RECORDS FOR THE EXERCISE

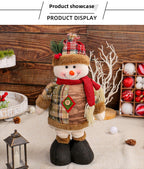 Jingchen Cross-Border Christmas Retractable Doll Window Display Santa Claus Snowman Standing Doll Holiday Decoration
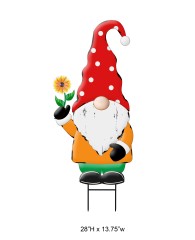 Gnome Holding Flower Garden Stake - Decorative Outdoor Gnome Yard Stake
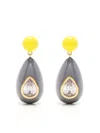 Eshvi Crystal Enamel Drop Earrings In Grey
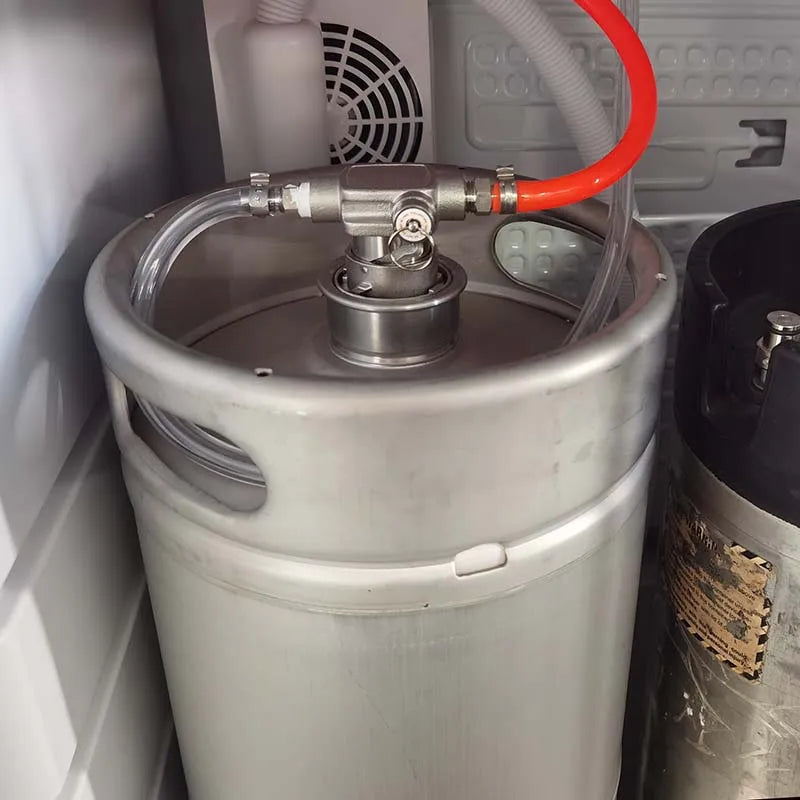 Komplett aus Edelstahl mit niedrigem Profil und platzsparendem PRV-Bierfass-Anschluss, D/S-System, 1/4 Zoll Stab, Bier aus 3/8 Zoll Stabgas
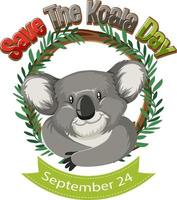 Save the koala day banner design vector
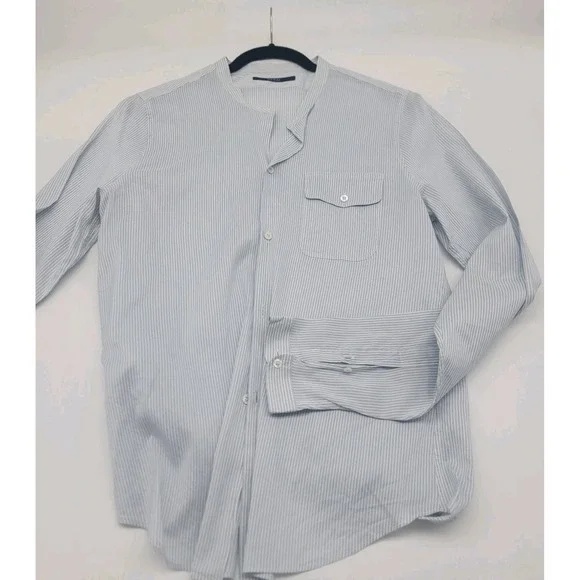 Gucci Mens Blue Striped Silk & Cotton Band Collar Dress Shirt Size 41 / 16 NICE!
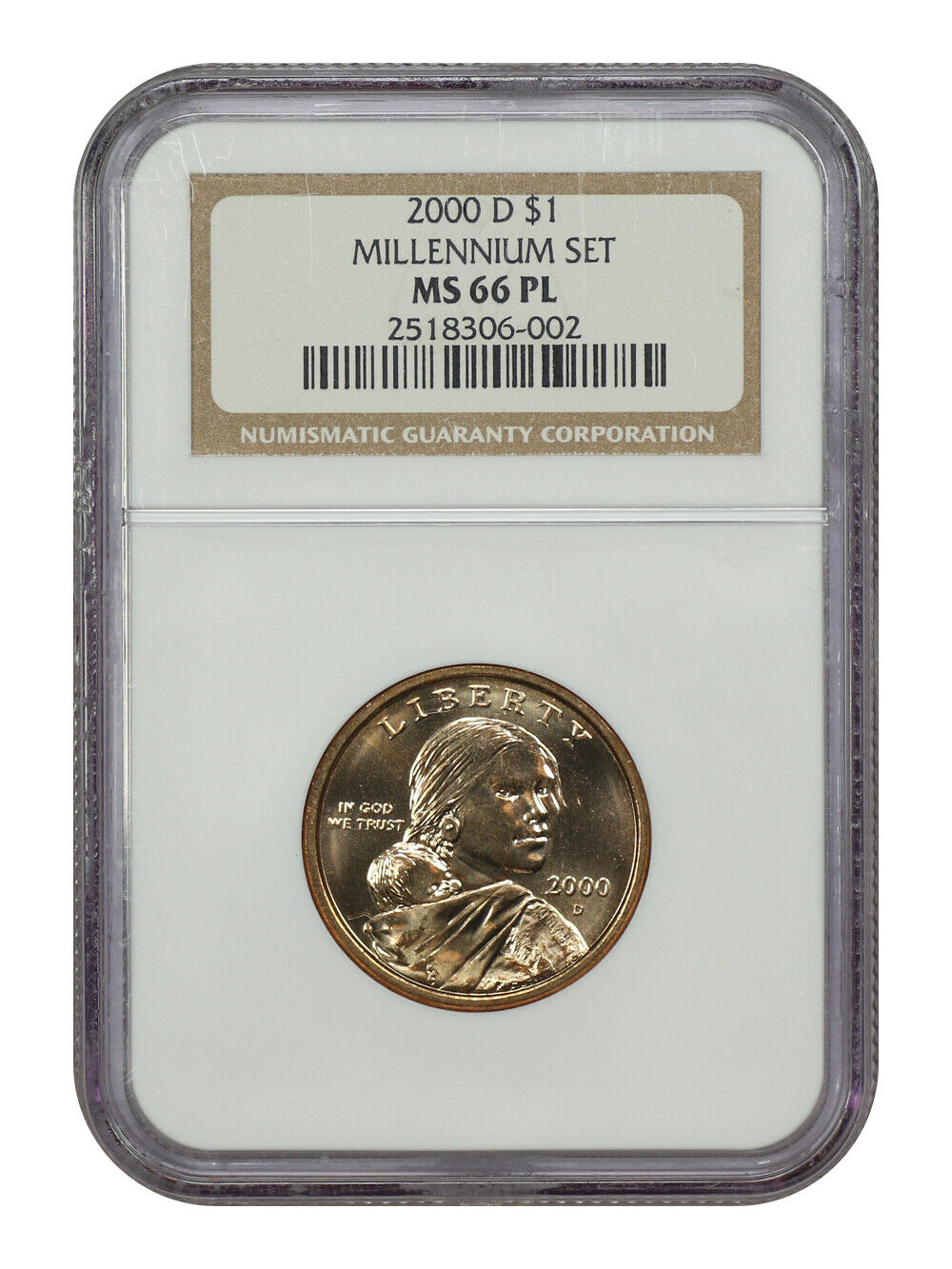 2000-D SAC$1 Millennium Set NGC MS66PL - Sacagawea Dollar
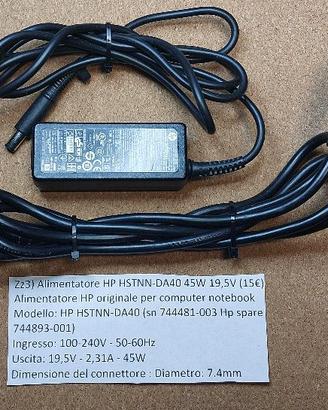 Alimentatore HP HSTNN-DA40 45W 19,5V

TASK ITEM
Your copy of the entries must be exact and must not include any of their pictures.

RESULT
 Jingchen Cross-Border Christmas Retractable Doll Window Display Santa Claus Snowman Standing Doll Holiday Decoration
 Gnome Holding Flower Garden Stake - Decorative Outdoor Gnome Yard Stake
 Eshvi Crystal Enamel Drop Earrings In Grey
 Komplett aus Edelstahl mit niedrigem Profil und platzsparendem PRV-Bierfass-Anschluss, D/S-System, 1/4 Zoll Stab, Bier aus 3/8 Zoll Stabgas
 Save the koala day banner design vector
 Gucci Mens Blue Striped Silk & Cotton Band Collar Dress Shirt Size 41 / 16 NICE!
 2000-D SAC$1 Millennium Set NGC MS66PL - Sacagawea Dollar
 Alimentatore HP HSTNN-DA40 45W 19,5V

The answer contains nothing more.